• **Task prompt**: Below are the records; give again exactly the lines from the one containing "Photo of Hammerle Finley Law Firm" through the one containing "cheapadultsexcams.com IndianHotDesiSona livesex", leaving out pictures.

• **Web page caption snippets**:

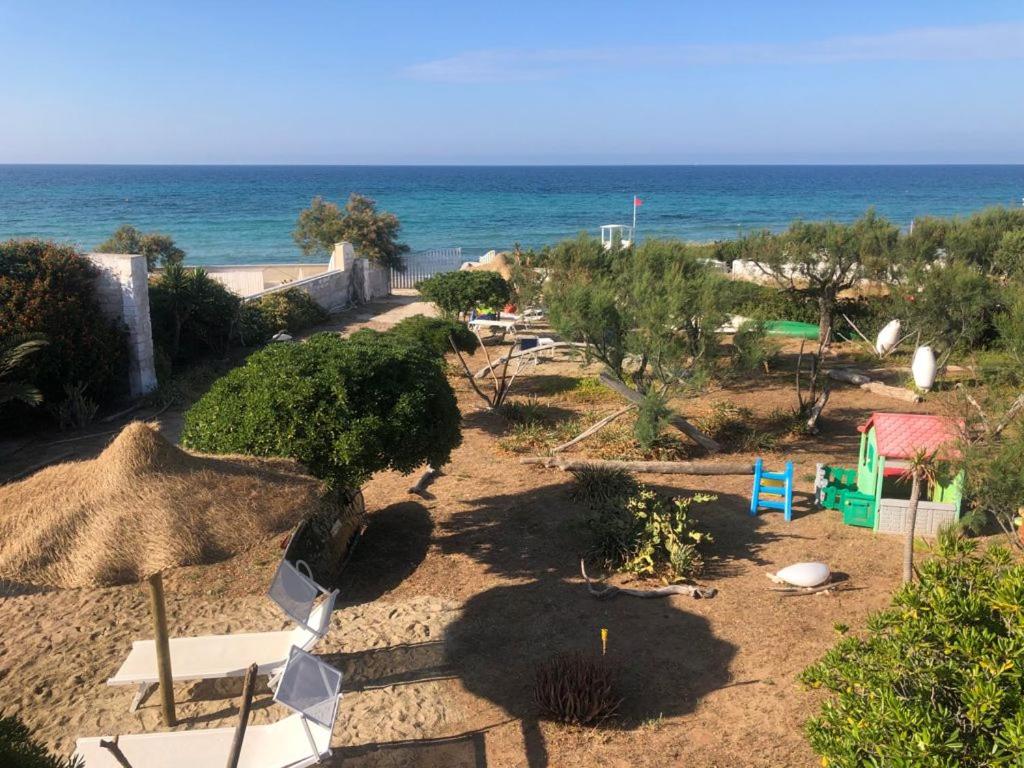 Táj Show holiday homes közelében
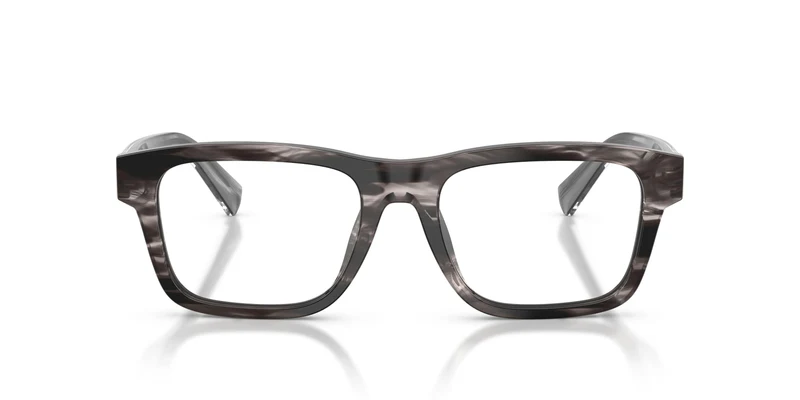 Dolse & Gabana 3446 Eyeglasses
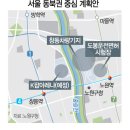 도봉면허시험장 이미지
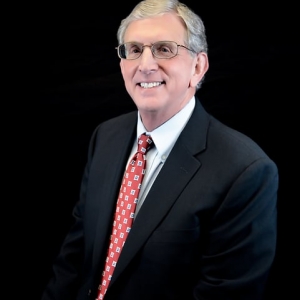 Photo of Hammerle Finley Law Firm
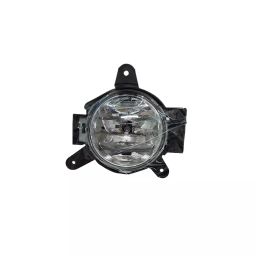 CHEVROLET J42518269, LAMP FRT FOG RH for BEAT-14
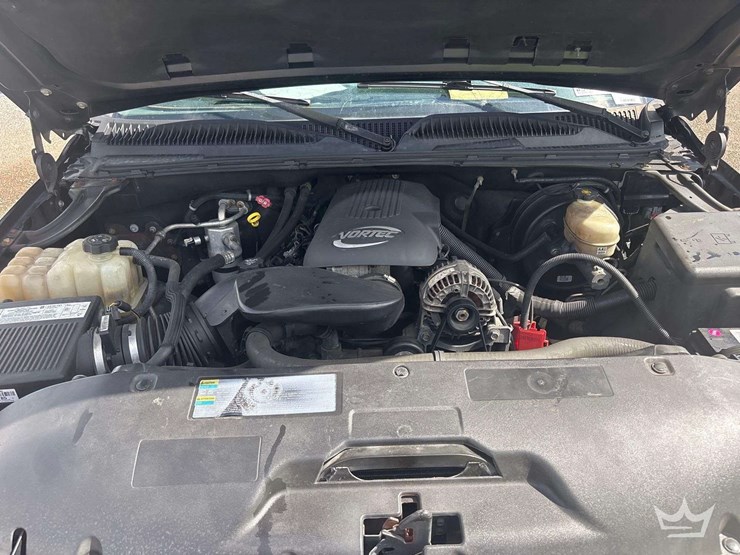2006-gmc-1500-image-6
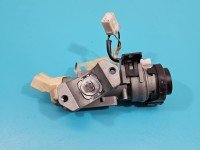 Komputer Sterownik silnika 39111-2A121, 0281016426 Kia Soul I 08-13 1.6 crdi (D4FB)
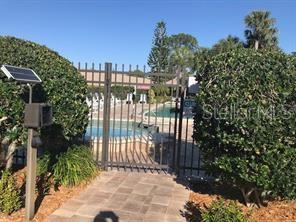 5866 CLUBSIDE DR, SARASOTA, FL, 34243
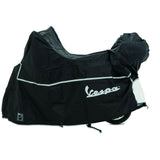 Funda Vespa Gt200 2005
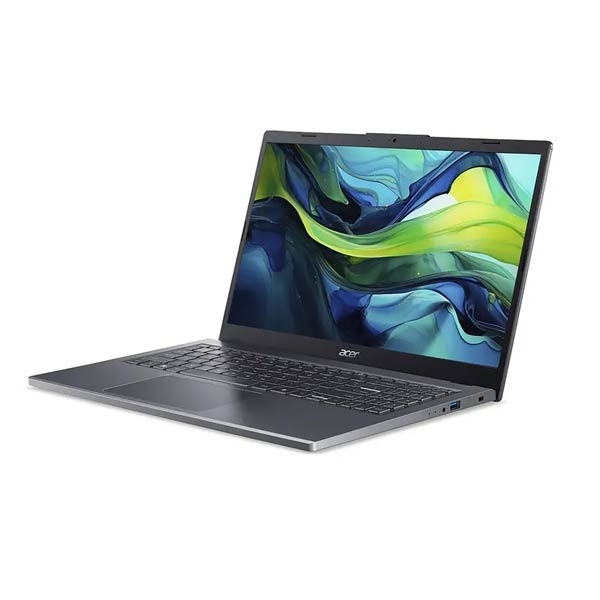 Acer Aspire 15 A15-51M-56A1 NX.KXTEM.004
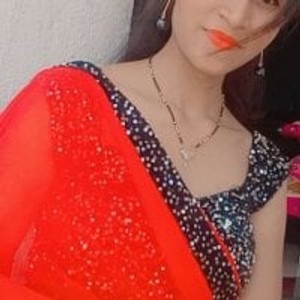 cheapadultsexcams.com IndianHotDesiSona livesex profile in hairy cams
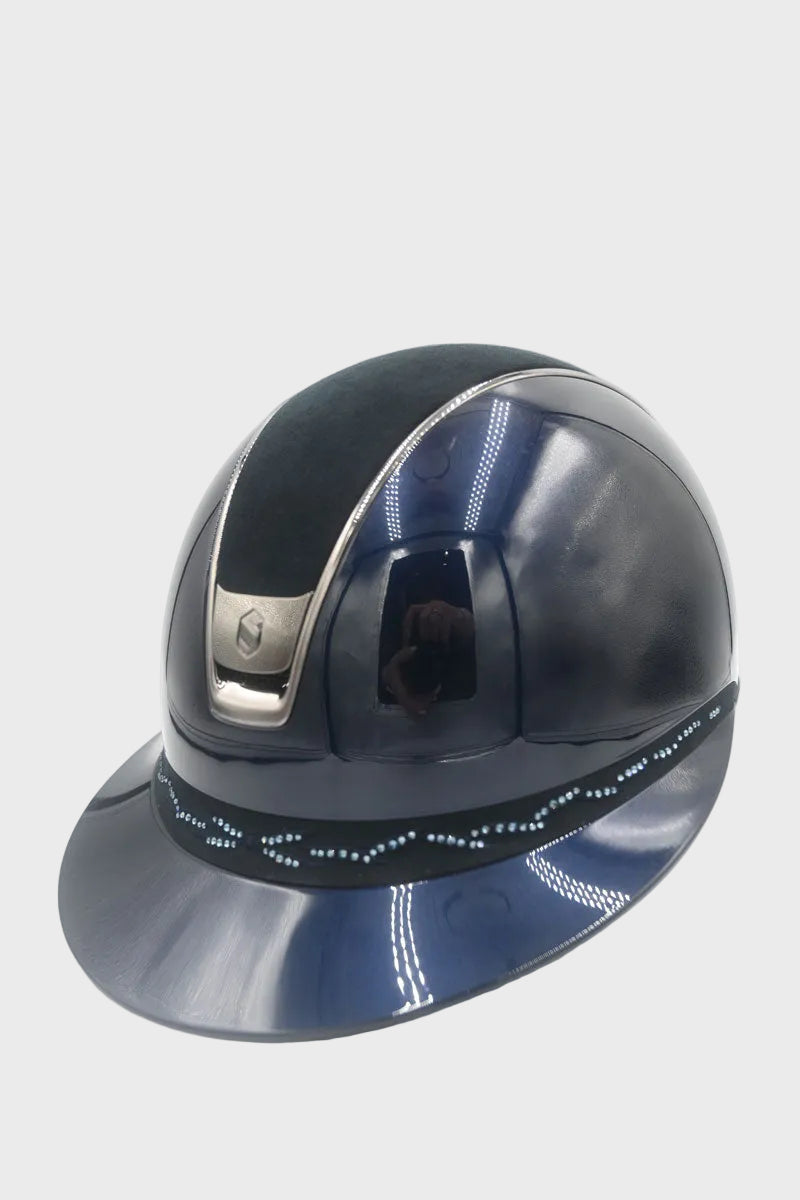 Samshield Miss Shield Shadowglossy 2.0 (Special)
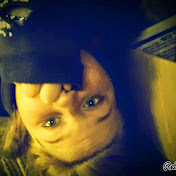 Profile Picture of Skylar Dillon (@skylardillon7095) on Youtube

• **Exercise response**:
 Photo of Hammerle Finley Law Firm
 CHEVROLET J42518269, LAMP FRT FOG RH for BEAT-14
2006-gmc-1500-image-6
 Komputer Sterownik silnika 39111-2A121, 0281016426 Kia Soul I 08-13 1.6 crdi (D4FB)
 5866 CLUBSIDE DR, SARASOTA, FL, 34243
 Funda Vespa Gt200 2005
 Acer Aspire 15 A15-51M-56A1 NX.KXTEM.004
 cheapadultsexcams.com IndianHotDesiSona livesex profile in hairy cams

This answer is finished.